The Need for New Donor Stratification to Predict Graft Survival in Deceased Donor Kidney Transplantation.
10.3349/ymj.2017.58.3.626
- Author:
Shin Seok YANG
1
;
Jaeseok YANG
;
Curie AHN
;
Sang Il MIN
;
Jongwon HA
;
Sung Joo KIM
;
Jae Berm PARK
Author Information
1. Department of Surgery, Yeungnam University Medical Center, Yeungnam University College of Medicine, Daegu, Korea.

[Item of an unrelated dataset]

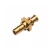 Import High Quality Brass Turning Parts For Mechanical Components from China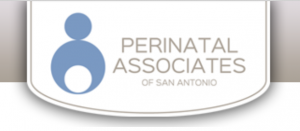 Perinatal and Fertility Specialists of San Antonio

- Publication Type:Original Article
- Keywords:
Kidney transplantation;
deceased donor;
standard criteria donor;
expanded criteria donor;
allocation
- MeSH:
Cold Ischemia;
Follow-Up Studies;
Glomerular Filtration Rate;
Graft Survival*;
Humans;
Kidney Transplantation*;
Kidney*;
Male;
Multivariate Analysis;
Retrospective Studies;
Risk Factors;
Tissue Donors*;
Transplant Recipients;
Transplants*
- From:Yonsei Medical Journal
2017;58(3):626-630
- CountryRepublic of Korea
- Language:English
-
Abstract:
PURPOSE: The aim of this study was to determine whether stratification of deceased donors by the United Network for Organ Sharing (UNOS) criteria negatively impacts graft survival. MATERIALS AND METHODS: We retrospectively reviewed deceased donor and recipient pretransplant variables of kidney transplantations that occurred between February 1995 and December 2009. We compared clinical outcomes between standard criteria donors (SCDs) and expanded criteria donors (ECDs). RESULTS: The deceased donors consisted of 369 patients. A total of 494 transplant recipients were enrolled in this study. Mean age was 41.7±11.4 year (range 18–69) and 273 patients (55.4%) were male. Mean duration of follow-up was 8.8±4.9 years. The recipients from ECD kidneys were 63 patients (12.8%). The overall mean cold ischemia time was 5.7±3.2 hours. Estimated glomerular filtration rate at 1, 2, and 3 years after transplantation were significantly lower in ECD transplants (1 year, 62.2±17.6 vs. 51.0±16.4, p<0.001; 2 year, 62.2±17.6 vs. 51.0±16.4, p=0.001; 3 year, 60.9±23.5 vs. 54.1±18.7, p=0.047). In multivariate analysis, donor age (≥40 years) was an independent risk factor for graft failure. In Kaplan-Meier analyses, there was no significant difference in death-censored graft survival (Log rank test, p>0.05), although patient survival was lower in ECDs than SCDs (Log rank test, p=0.011). CONCLUSION: Our data demonstrate that stratification by the UNOS criteria does not predict graft survival. In order to expand the donor pool, new criteria for standard/expanded donors need to be modified by regional differences.